Collection entries:
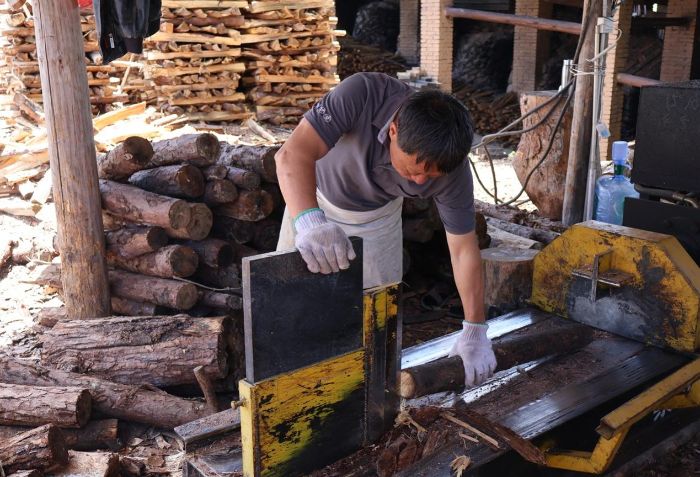 福建農(nóng)林大學(xué)學(xué)子三下鄉(xiāng)|解碼瓷都，智造未來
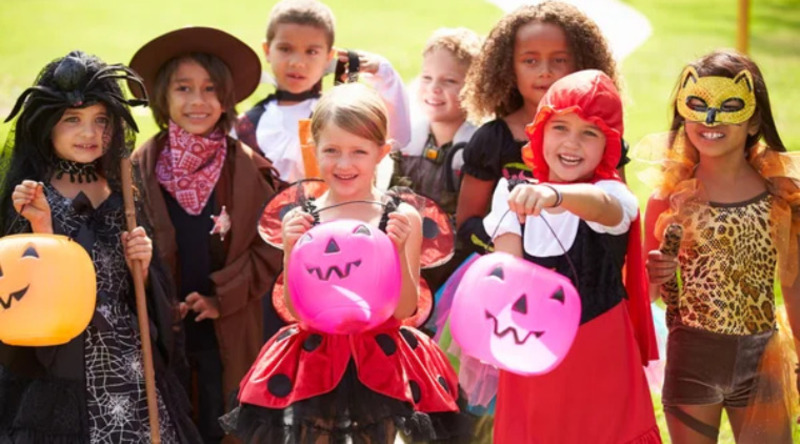 Các trẻ em hoá trang Halloween vui nhộn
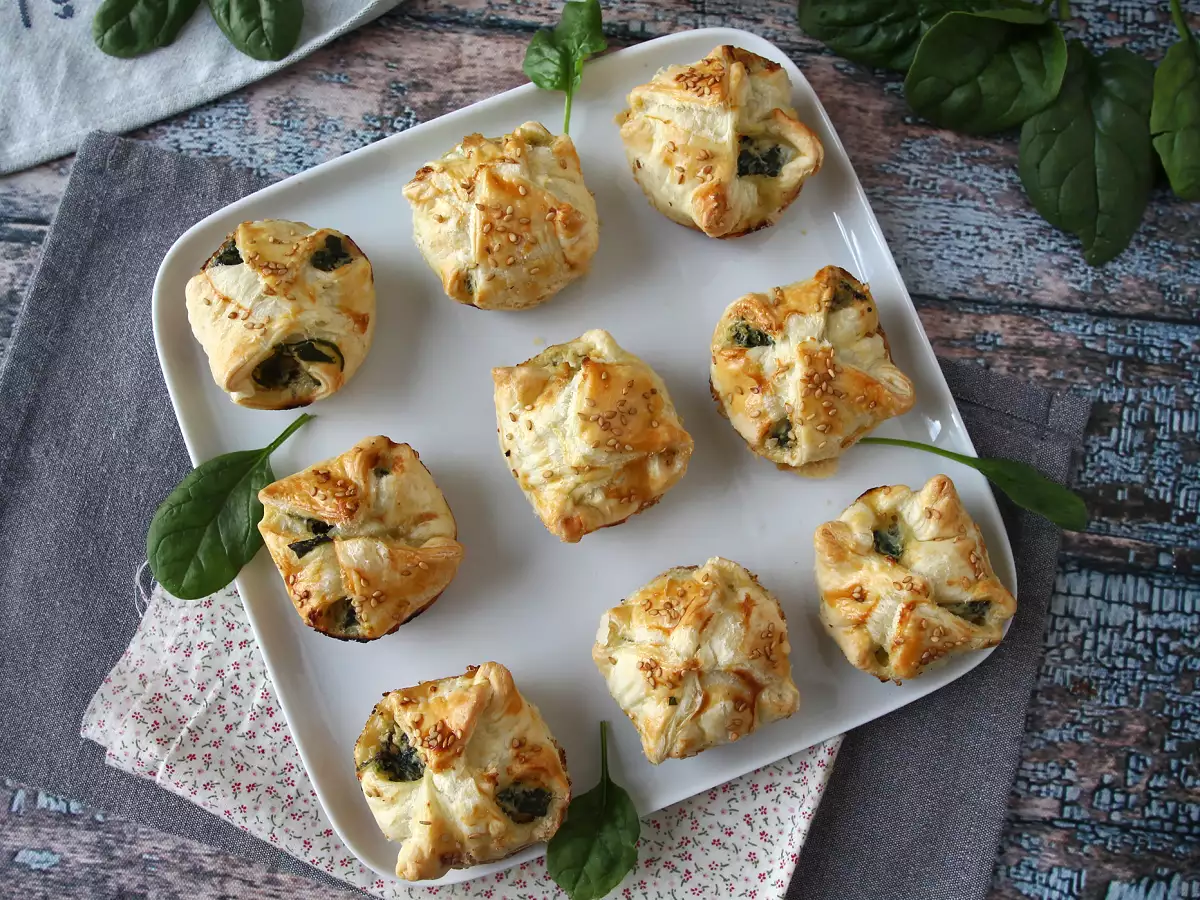 Мини сладкиши със спанак и козе сирене - снимка 6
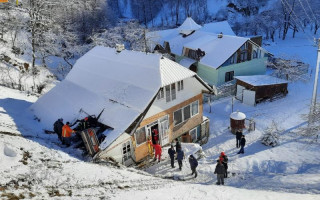 ДТП в Карпатах: автомобиль слетел с трассы и упал на крышу дома, фото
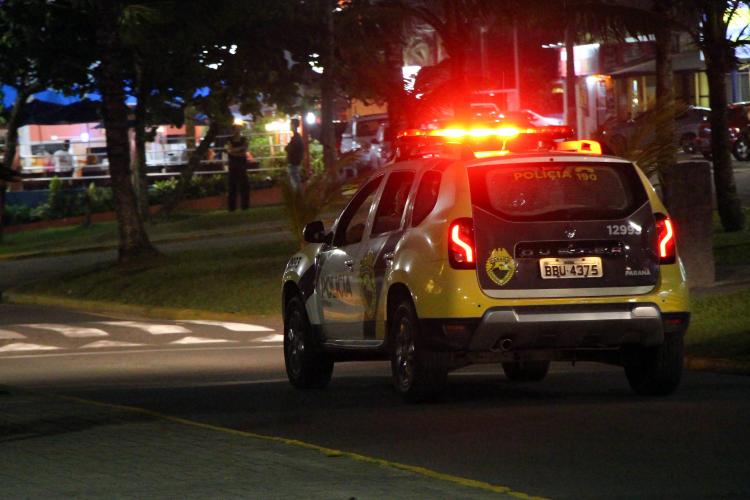 PM localiza quatro foragidos da justiça durante abordagens na Ilha do Mel, Paranaguá e Matinhos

### What needs to be done
Nothing but an exact repeat of the records, pictures excluded, belongs in the answer.

### Task output
 福建農(nóng)林大學(xué)學(xué)子三下鄉(xiāng)|解碼瓷都，智造未來
 Các trẻ em hoá trang Halloween vui nhộn
 Мини сладкиши със спанак и козе сирене - снимка 6
 ДТП в Карпатах: автомобиль слетел с трассы и упал на крышу дома, фото
 PM localiza quatro foragidos da justiça durante abordagens na Ilha do Mel, Paranaguá e Matinhos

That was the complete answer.